---------- Records provided ----------

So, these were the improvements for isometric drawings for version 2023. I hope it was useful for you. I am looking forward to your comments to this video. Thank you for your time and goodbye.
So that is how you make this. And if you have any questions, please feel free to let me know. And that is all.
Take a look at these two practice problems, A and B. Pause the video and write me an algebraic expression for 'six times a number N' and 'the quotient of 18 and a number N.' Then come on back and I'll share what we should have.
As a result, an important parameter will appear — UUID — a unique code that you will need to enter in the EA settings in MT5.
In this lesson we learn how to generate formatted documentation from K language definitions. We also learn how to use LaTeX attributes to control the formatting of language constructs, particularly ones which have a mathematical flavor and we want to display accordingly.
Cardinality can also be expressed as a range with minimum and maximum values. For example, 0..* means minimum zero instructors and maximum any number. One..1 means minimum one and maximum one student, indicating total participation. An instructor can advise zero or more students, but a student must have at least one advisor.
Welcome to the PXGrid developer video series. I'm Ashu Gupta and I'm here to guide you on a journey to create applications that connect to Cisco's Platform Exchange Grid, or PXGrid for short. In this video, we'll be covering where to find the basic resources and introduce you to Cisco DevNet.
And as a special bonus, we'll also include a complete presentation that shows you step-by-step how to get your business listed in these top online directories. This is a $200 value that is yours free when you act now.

----------
---------- Records provided ----------

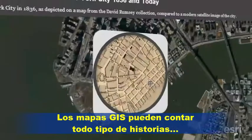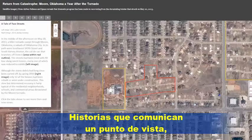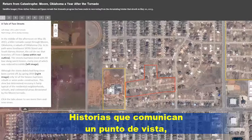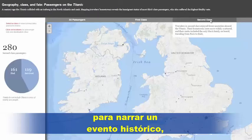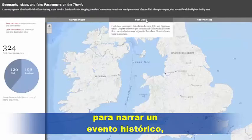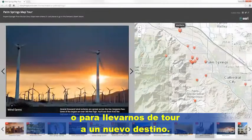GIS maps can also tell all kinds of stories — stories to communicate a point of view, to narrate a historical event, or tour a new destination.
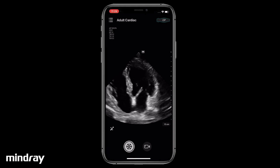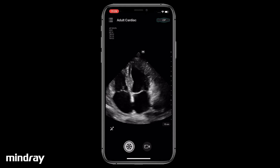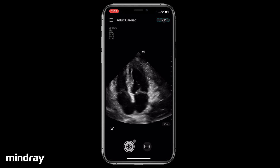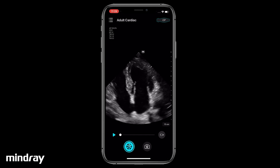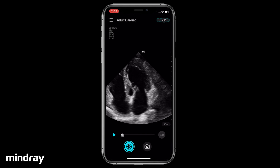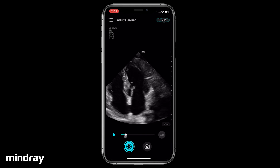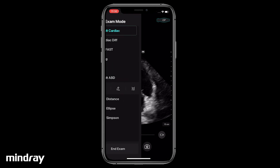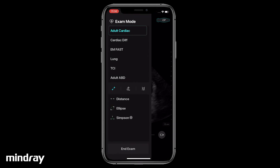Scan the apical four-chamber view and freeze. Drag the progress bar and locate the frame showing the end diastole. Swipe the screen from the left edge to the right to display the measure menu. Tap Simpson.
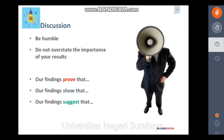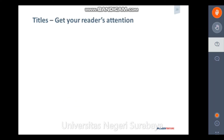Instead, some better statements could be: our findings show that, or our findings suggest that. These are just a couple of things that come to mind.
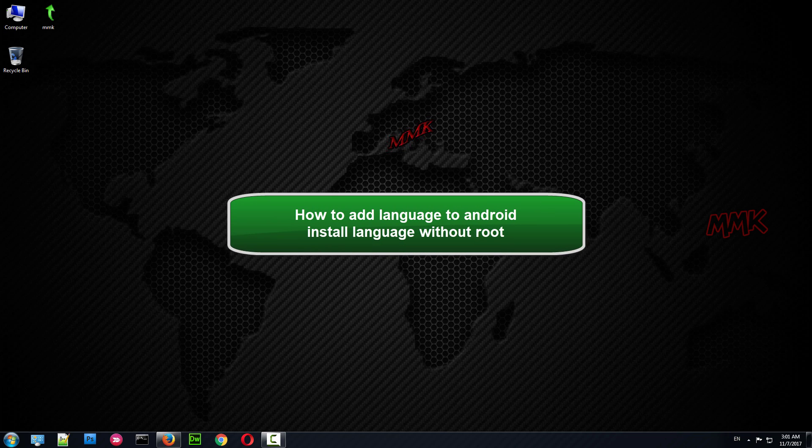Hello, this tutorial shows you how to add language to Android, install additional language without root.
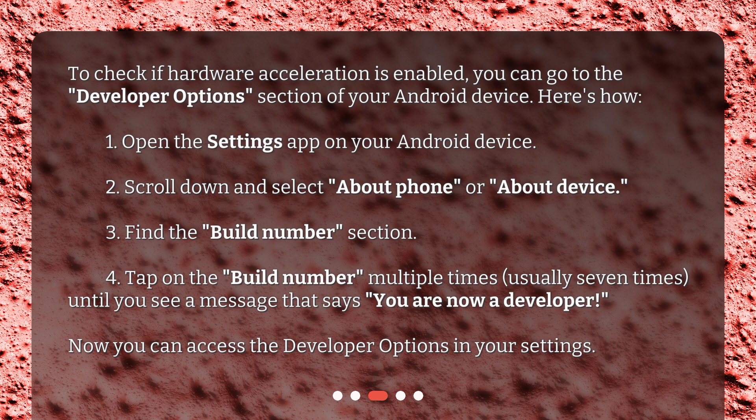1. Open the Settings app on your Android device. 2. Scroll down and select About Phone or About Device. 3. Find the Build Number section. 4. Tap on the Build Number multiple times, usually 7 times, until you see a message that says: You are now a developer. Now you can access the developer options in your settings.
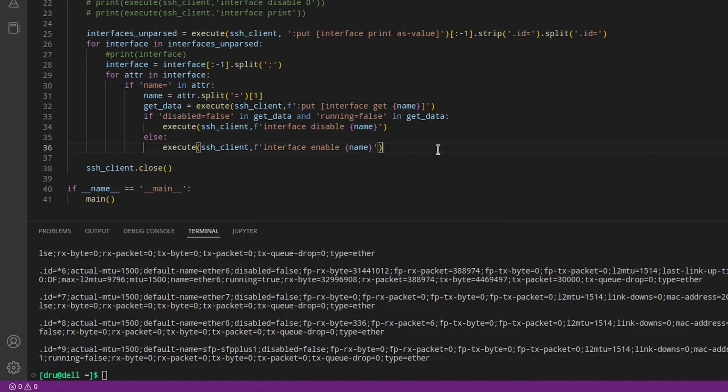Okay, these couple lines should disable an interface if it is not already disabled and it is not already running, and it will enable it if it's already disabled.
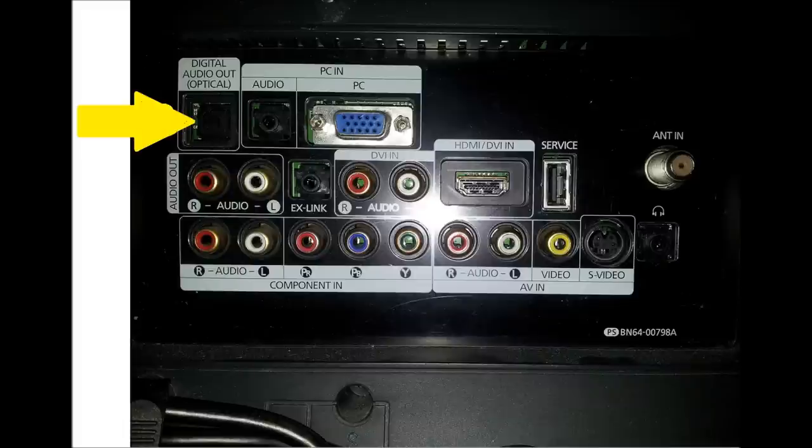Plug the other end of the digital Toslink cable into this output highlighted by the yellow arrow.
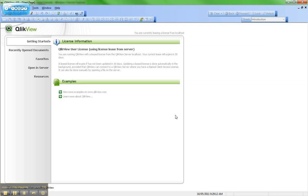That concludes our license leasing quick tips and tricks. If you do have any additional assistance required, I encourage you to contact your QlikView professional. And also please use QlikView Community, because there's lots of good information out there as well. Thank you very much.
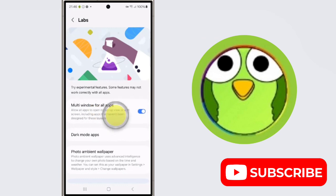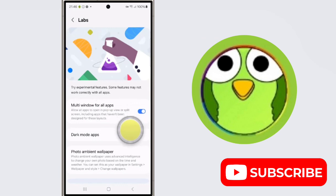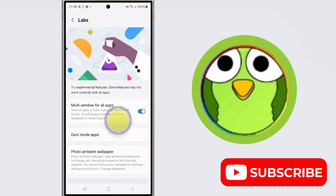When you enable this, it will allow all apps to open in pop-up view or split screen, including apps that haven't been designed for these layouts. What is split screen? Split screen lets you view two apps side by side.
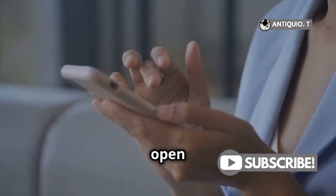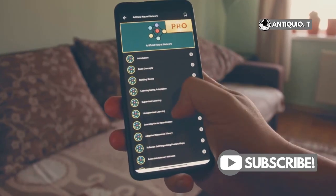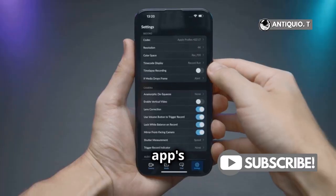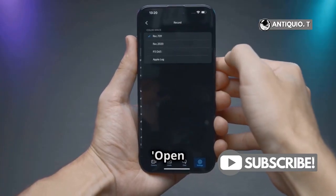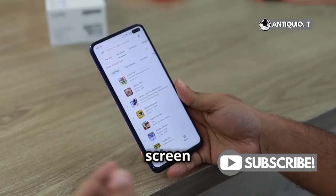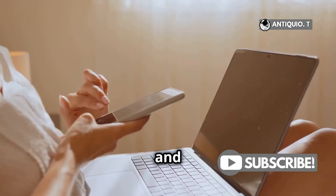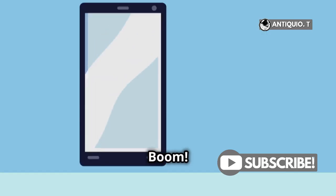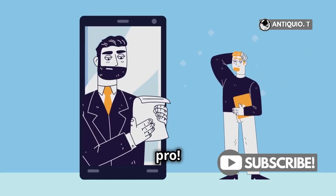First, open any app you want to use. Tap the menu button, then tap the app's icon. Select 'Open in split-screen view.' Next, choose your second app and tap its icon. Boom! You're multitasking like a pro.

----------
---------- Records provided ----------

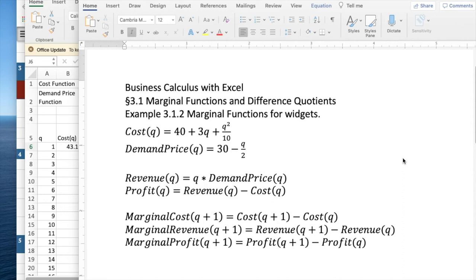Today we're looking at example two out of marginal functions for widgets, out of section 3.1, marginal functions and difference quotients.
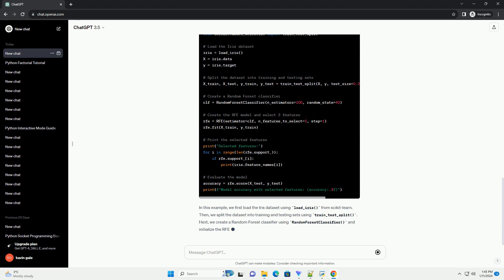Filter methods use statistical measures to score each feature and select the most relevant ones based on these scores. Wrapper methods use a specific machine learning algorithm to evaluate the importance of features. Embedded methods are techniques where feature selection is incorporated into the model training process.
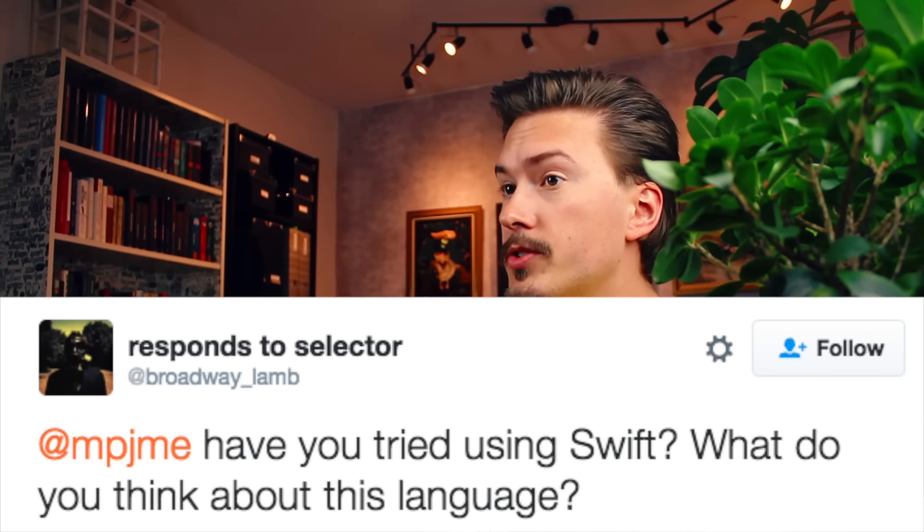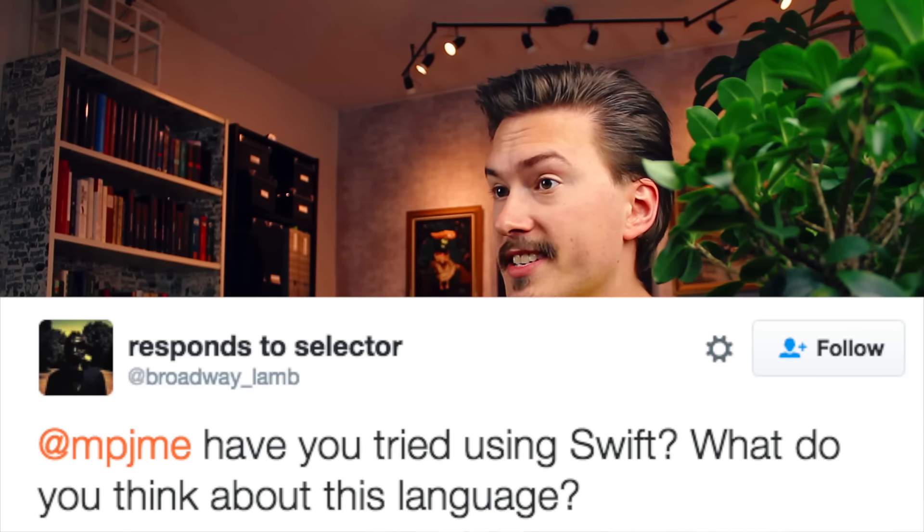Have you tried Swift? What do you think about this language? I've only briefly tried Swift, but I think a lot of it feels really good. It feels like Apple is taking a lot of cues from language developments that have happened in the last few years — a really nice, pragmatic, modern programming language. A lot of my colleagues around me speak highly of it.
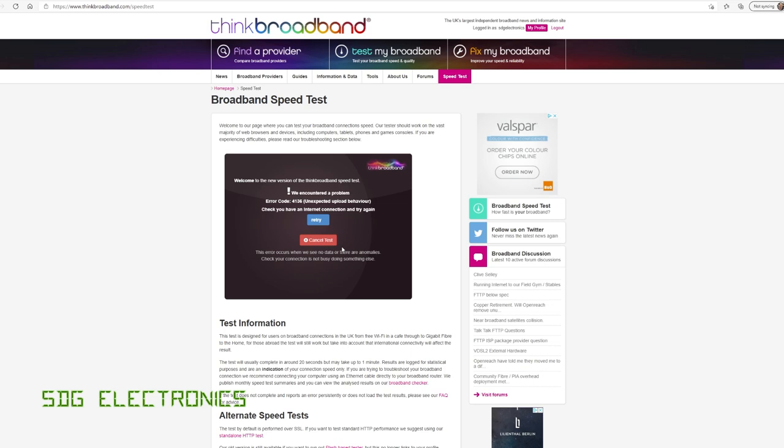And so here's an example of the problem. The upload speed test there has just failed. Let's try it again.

----------

What to do
From the material above, reproduce only what runs from the line holding "Have you tried" down to the line holding "And so here's", both included, pictures excluded.

Your response
Have you tried Swift? What do you think about this language? I've only briefly tried Swift, but I think a lot of it feels really good. It feels like Apple is taking a lot of cues from language developments that have happened in the last few years — a really nice, pragmatic, modern programming language. A lot of my colleagues around me speak highly of it.
And so here's an example of the problem. The upload speed test there has just failed. Let's try it again.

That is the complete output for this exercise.